■ Work task: Every record below should be repeated word for word, with the pictures left out.

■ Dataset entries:
"""

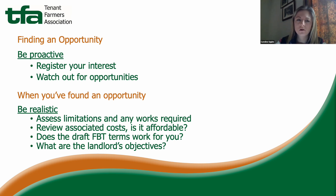It goes without saying that the wider the geographical area you're willing to consider, the better your chance of finding an opportunity. Once you've found one, it's important to attend the viewing day, have a good look around the farm, and be realistic about its physical limitations and what farming system will work there. Also think about what works will need completing for your proposed system.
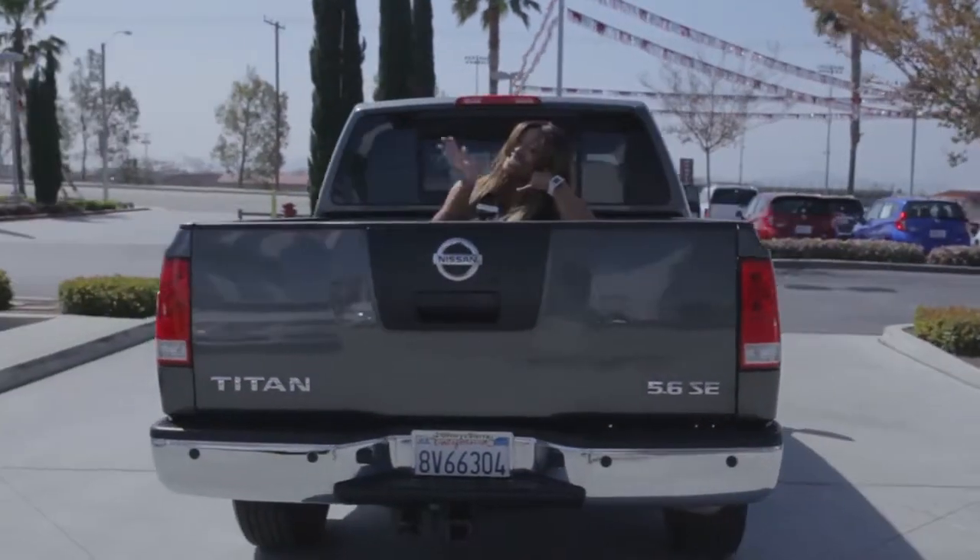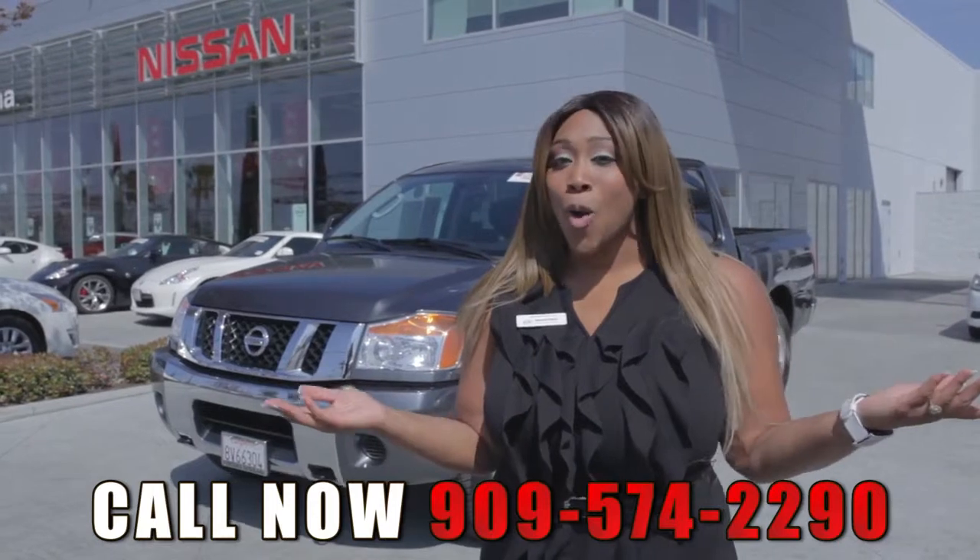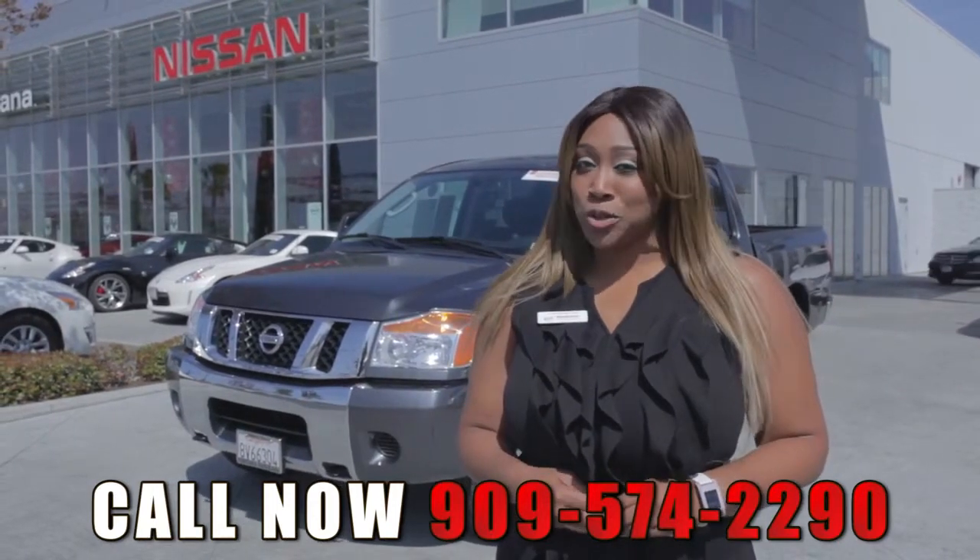If you'd like more information about this Titan, please go ahead and visit the website below, or as always go ahead and give me a call and be sure to ask for Q.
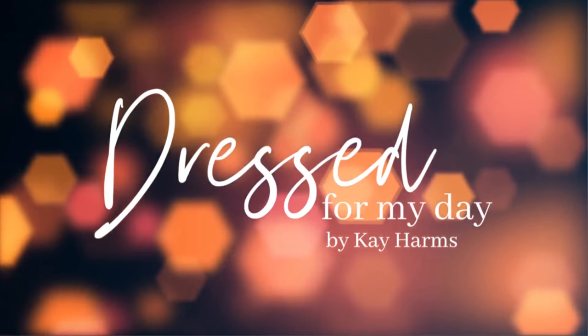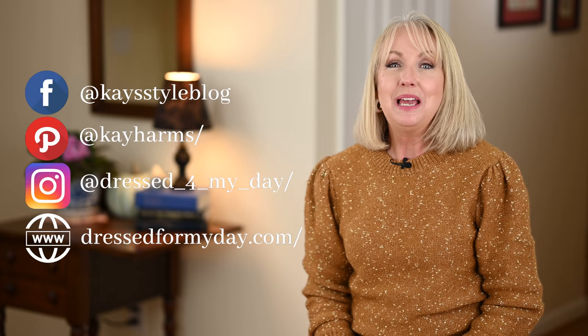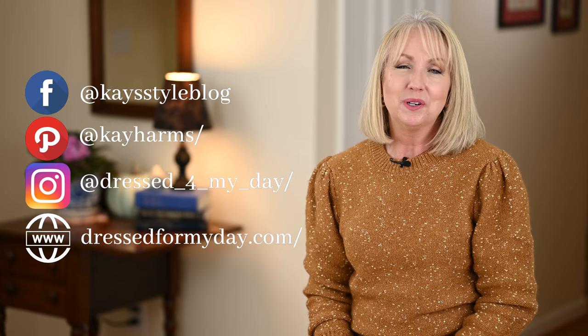Have you run out of ways to wear your jeans? I've got your back. Today I'm sharing seven blue jean outfits for winter. Hello and welcome to today's video — I'm so glad you've joined me. My name is Kay and I blog at DressForMyDay.com, where I encourage women 50 and up to simply get dressed for our unique days beautifully, graciously, and authentically so that we can engage with the world around us.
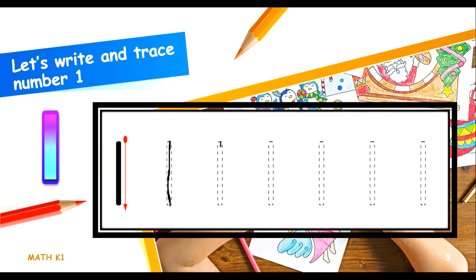Again, let's write again. Let's trace this from the top. Again. Very good. There you go — we have number 1. First, you have to put your hand here, over here, and then go down.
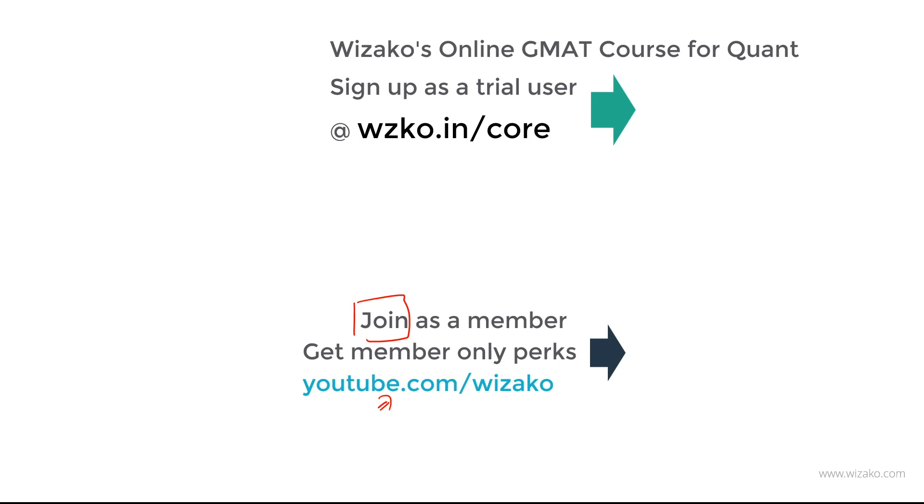Click on the join button. Even before you pay, you'll get a listing of the member-only perks. Those member-only perks will help give a boost to your GMAT preparation. Best wishes.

"""

■ Task answer:
It goes without saying that the wider the geographical area you're willing to consider, the better your chance of finding an opportunity. Once you've found one, it's important to attend the viewing day, have a good look around the farm, and be realistic about its physical limitations and what farming system will work there. Also think about what works will need completing for your proposed system.
If you'd like more information about this Titan, please go ahead and visit the website below, or as always go ahead and give me a call and be sure to ask for Q.
Have you run out of ways to wear your jeans? I've got your back. Today I'm sharing seven blue jean outfits for winter. Hello and welcome to today's video — I'm so glad you've joined me. My name is Kay and I blog at DressForMyDay.com, where I encourage women 50 and up to simply get dressed for our unique days beautifully, graciously, and authentically so that we can engage with the world around us.
Again, let's write again. Let's trace this from the top. Again. Very good. There you go — we have number 1. First, you have to put your hand here, over here, and then go down.
Click on the join button. Even before you pay, you'll get a listing of the member-only perks. Those member-only perks will help give a boost to your GMAT preparation. Best wishes.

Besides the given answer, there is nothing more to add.